# March 2007 Outbackers.com Masthead Photo Contest



## PDX_Doug

Our first ever Masthead Photo Contest was a great success. Not only are you Outbackers great people, but you are talented too! Wow! And again, congratulations Rob (z-family) on your prize winning entry!

Now, however, it is time to look ahead to the March contest. For more information and rules, please refer to the original Outbackers.com Masthead Photo Contest thread.

Entries are due no later than February 15th, 2007.

Bring 'em on!









Happy Trails,
Doug


----------



## PDX_Doug

Just a reminder, the deadline for the March Masthead Photo Contest is next Thursday, February 15th. We still have plenty of room for entries! Bring 'em on!!!









Happy Trails,
Doug


----------



## mountainlady56

PDX_Doug said:


> Our first ever Masthead Photo Contest was a great success. Not only are you Outbackers great people, but you are talented too! Wow! And again, congratulations Rob (z-family) on your prize winning entry!
> Happy Trails,
> Doug


WAIT A MINUTE!! Did I miss something here?? What prize did they win???








Inquiring minds want to know!!
Darlene


----------



## Katrina

sgalady said:


> Our first ever Masthead Photo Contest was a great success. Not only are you Outbackers great people, but you are talented too! Wow! And again, congratulations Rob (z-family) on your prize winning entry!
> Happy Trails,
> Doug


WAIT A MINUTE!! Did I miss something here?? What prize did they win???








Inquiring minds want to know!!
Darlene








[/quote]

The winner has the honor of having their photo displayed on the top banner of Outbackers.com for a month.

^^^Up there^^^ at the top of the page.

Did you notice the new photo up there?
Thats the winning picture!


----------



## hatcityhosehauler

Just sent mine in...the rest of you will get to see it next month when it is placed up top....









I'm not being too over confident, am I?









Tim


----------



## mountainlady56

Katrina said:


> Our first ever Masthead Photo Contest was a great success. Not only are you Outbackers great people, but you are talented too! Wow! And again, congratulations Rob (z-family) on your prize winning entry!
> Happy Trails,
> Doug


WAIT A MINUTE!! Did I miss something here?? What prize did they win???








Inquiring minds want to know!!
Darlene








[/quote]

The winner has the honor of having their photo displayed on the top banner of Outbackers.com for a month.

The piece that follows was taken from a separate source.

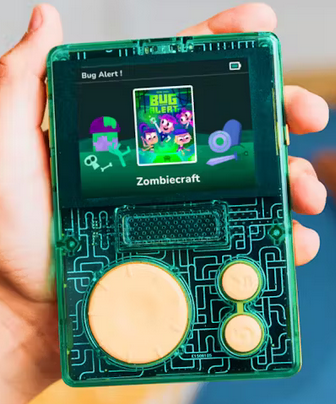 Lunii - Flam - Coque verte - De 7 à 12 ans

^^^Up there^^^ at the top of the page.

Did you notice the new photo up there?
Thats the winning picture!
[/quote]
Yes, I'm not BLIND, and I realize they get the "honor" of having their winning picture displayed. But, there's a difference between being "honored" and "winning a prize", last time I checked.








Darlene


----------



## Katrina

sgalady said:


> Our first ever Masthead Photo Contest was a great success. Not only are you Outbackers great people, but you are talented too! Wow! And again, congratulations Rob (z-family) on your prize winning entry!
> Happy Trails,
> Doug


WAIT A MINUTE!! Did I miss something here?? What prize did they win???








Inquiring minds want to know!!
Darlene








[/quote]

The winner has the honor of having their photo displayed on the top banner of Outbackers.com for a month.

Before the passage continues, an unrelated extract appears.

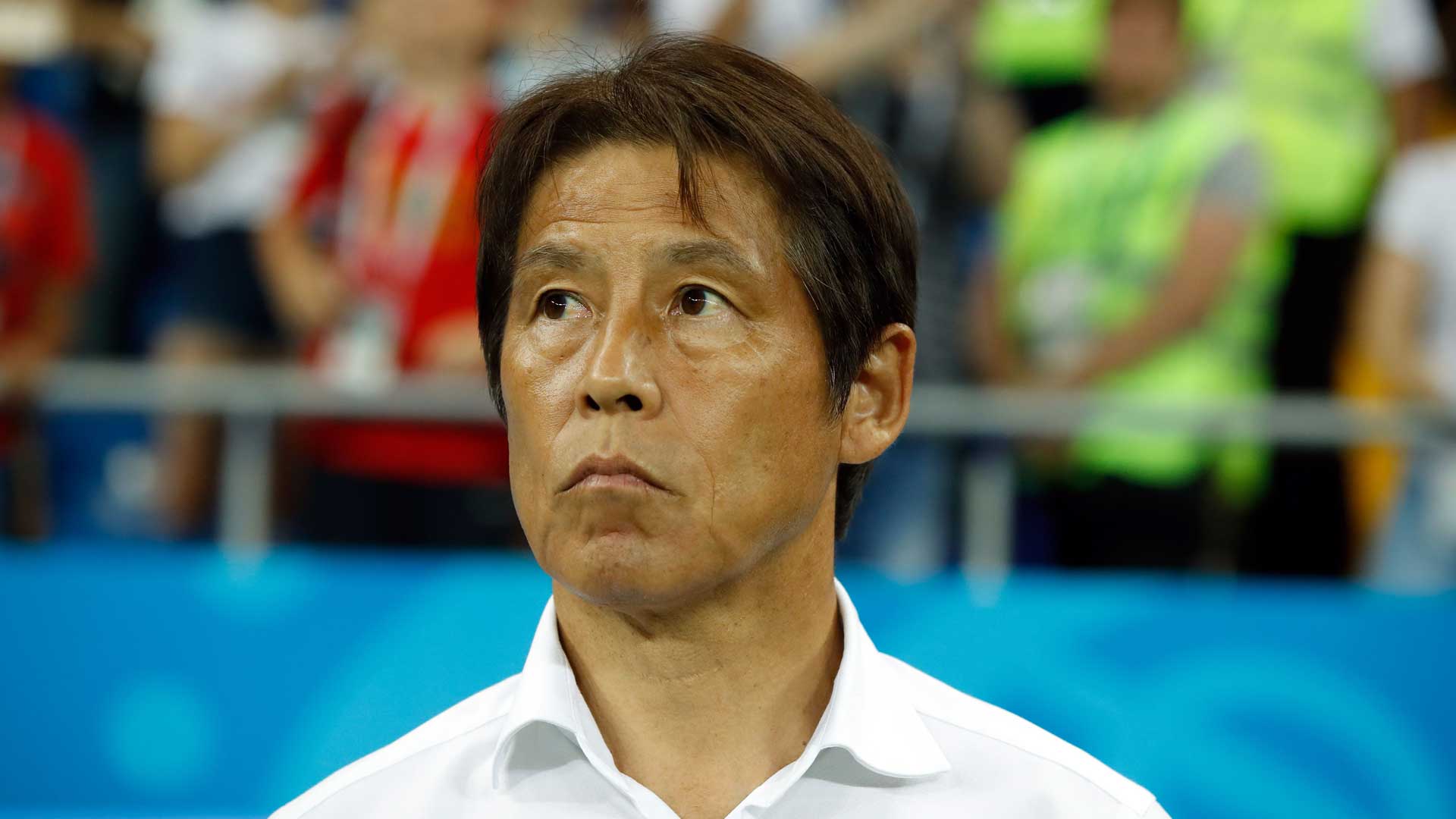日本代表の西野朗監督 逆転負けに言葉詰まり 何が足りないんでしょうね Goal Com 日本代表の西野朗監督 逆転負けに言葉詰まり 何が足りないんでしょうね Goal Com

^^^Up there^^^ at the top of the page.

Did you notice the new photo up there?
Thats the winning picture!
[/quote]
Yes, I'm not BLIND, and I realize they get the "honor" of having their winning picture displayed. But, there's a difference between being "honored" and "winning a prize", last time I checked.








Darlene








[/quote]

Oops, my mistake.


----------



## skippershe

OK, I may be one of the queens of Welcome graphics and have somehow figured out how to post photos here, but I cannot for the life of me figure out how to resize my photos for this photo contest









So far, I have cropped them and uploaded them to Photobucket.com...now I have to resize them to 400x68 pixels and send them in.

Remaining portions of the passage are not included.